The FCM poses a serious threat to South Africa’s agricultural exports, with stringent international standards necessitating effective pest control measures.

The SIT program employs advanced scientific methods to curb FCM populations. In controlled environments, colonies of FCM are bred, and both male and female insects are sterilized using radiation from Cobalt-60.

These sterile insects are then released into the wild, where they mate with wild insects, resulting in eggs that do not hatch. This process leads to a significant decline in the pest population over time.

The SIT trials began in Citrusdal in 2005 through collaboration with the United States Department of Agriculture and the International Atomic Energy Agency.

The success of these trials led to the establishment of X Sterile Insect Technique (X-SIT), which now administers the program. Despite its proven effectiveness, the high cost of SIT remains a barrier to its broader implementation.

Currently, the program covers 20,400 hectares, but with sufficient funding, it could expand to over 40,000 hectares, creating around 50 new jobs in the process.

The CGA has underscored the importance of continued financial backing to sustain and expand the SIT program.

The R2 million (USD 108,500)  provided by the Western Cape Department of Agriculture is a vital step in alleviating some of the financial burdens faced by growers in the region. This funding aims to ensure the continued production of high-quality, residue-free fruit, essential for maintaining export standards.

Dr Ivan Meyer, Western Cape Minister of Agriculture, highlighted the significance of this support, stating, “Our support for the SIT program underscores our commitment to a sustainable agricultural sector. This funding will help secure the future of our citrus industry, ensuring that it remains competitive in the global market while protecting our environment and creating jobs.”

Justin Chadwick, CEO of the CGA, expressed his gratitude for the provincial government’s contribution. “The generous support from the Western Cape Government is a significant boost for X-SIT and everybody involved.
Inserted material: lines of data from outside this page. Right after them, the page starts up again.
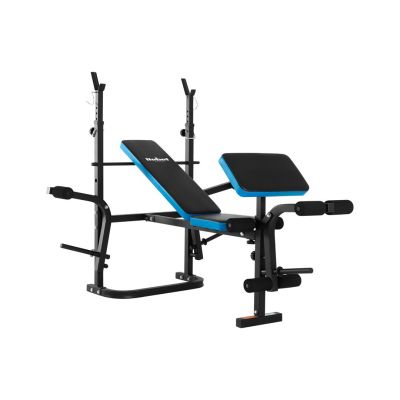 11. REBEL ACTIVE multifunctional adjustable training bench with preacher bench
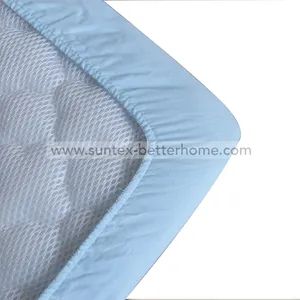 Custom 100% Cotton Muslin Baby Waterproof Fitted Crib Sheet Style Plain Technics Woven Pattern Printed Age Group Babies Design Stars Print - Image 4
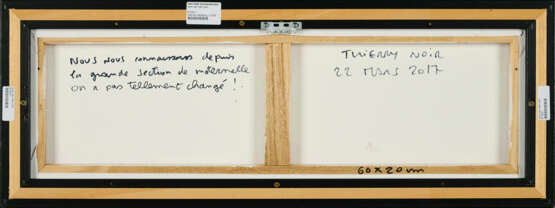 Thierry Noir. Nous nous connaissons depuis la grande section de maternelle on a pas tellement changé! - photo 3 Thierry Noir. Nous nous connaissons depuis la grande section de maternelle on a pas tellement changé! - photo 3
The CGA hopes this type of agricultural innovation will find widespread support, as developing new technologies, though essential, does not come cheaply,” Chadwick said.

In addition to its effectiveness in pest control, the SIT program offers environmental benefits by reducing the reliance on harmful pesticides.

This not only leads to improved fruit quality but also promotes a healthier ecosystem. Addressing the FCM issue in the Western Cape is expected to increase export earnings, particularly in the citrus industry, thus uplifting rural communities through job creation and economic growth.